The Human Gate: Where AI Belongs in Security Work, and Where It Must Be Stopped

Security
The Human Gate: Where AI Belongs in Security Work, and Where It Must Be Stopped
Yannic Scheef
Yannic Scheef 04 Jun 2026

Reading length Full · 8 min read
TL;DRShortMediumFull

An AI agent can read ten thousand lines of firewall config and flag the three rules that quietly expose your database to the public internet far faster than a human analyst at scale. That same agent, given the ability to act, can also delete the wrong production bucket because a prompt was ambiguous and nothing stood between intent and action. The gap between those two facts is one of the most important design decisions in security tooling today: not adoption but governance — where the machine's authority should end and a human's should begin. That is more precise than the familiar advice to keep a human in the loop. The useful question is which loop, around which actions, and where judgment is structurally required rather than merely available.

What AI Should Drive

The defensive side of security is dominated by read-heavy, pattern-dense work that feeds a human decision rather than executing one. Enumeration is the clearest case: mapping an attack surface, inventorying cloud assets, listing every Identity and Access Management (IAM) role and what it can touch, correlating packages against known vulnerabilities. These read operations are comparatively safe, though not free of side effects — aggressive enumeration can trip API throttling, run up cloud costs, or fire web-application-firewall alarms, so scope the reads. The subtler failure mode is more dangerous: an agent that enumerates confidently while missing a shadow admin account or over-permissioned service principal produces false completeness, and a list that looks finished but isn't forecloses the investigation that would have found the gap. Treat the output as a starting point, not a certified inventory.

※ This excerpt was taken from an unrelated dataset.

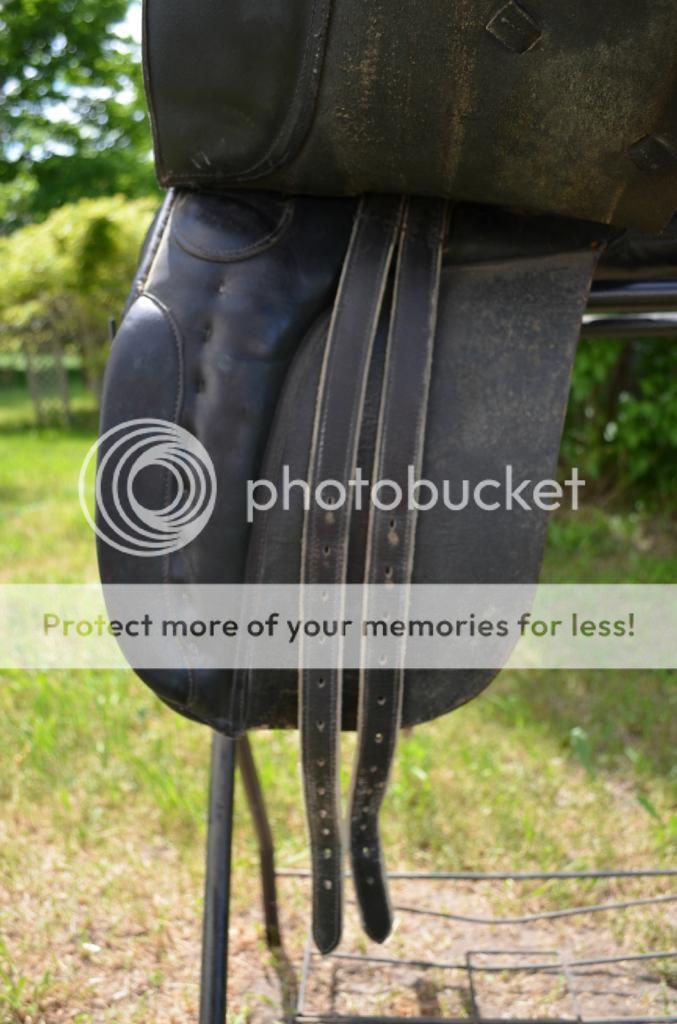 Several saddles for sale! Stubben, Wintec, Seville. The Horse Forum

Where the agent earns its keep

Triage is the second strong case, with one caveat. A Security Information and Event Management (SIEM) platform can generate tens of thousands of alerts a day, the overwhelming majority noise, and an AI that clusters them and surfaces the handful worth human eyes does what analyst fatigue does badly. But a suppressed alert is not free to undo: if the model files a real intrusion as noise, no analyst ever sees it. Industry breach reports put median dwell time in the days-to-weeks range, sometimes longer, and an over-aggressive suppression rule shifts that curve the wrong way — so human review of what the AI suppresses, and how it samples the suppressed pile, stays mandatory.

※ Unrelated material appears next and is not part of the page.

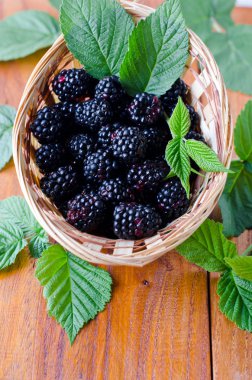 Bir kasede taze böğürtlen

The same pattern holds across a range of defensive tasks where the agent produces information and proposals, not changes to the running world:

  • Log and traffic analysis — clustering, baselining, and anomaly spotting across volumes no analyst can read by hand.
  • Hardening review — flagging weak defaults, drift from a known-good baseline, and missing controls.
  • CVE-to-dependency mapping — tracing a published Common Vulnerabilities and Exposures (CVE) entry to the exact affected version in your dependency tree.
  • Incident reconstruction — assembling a timeline from scattered logs so a human can reason about root cause.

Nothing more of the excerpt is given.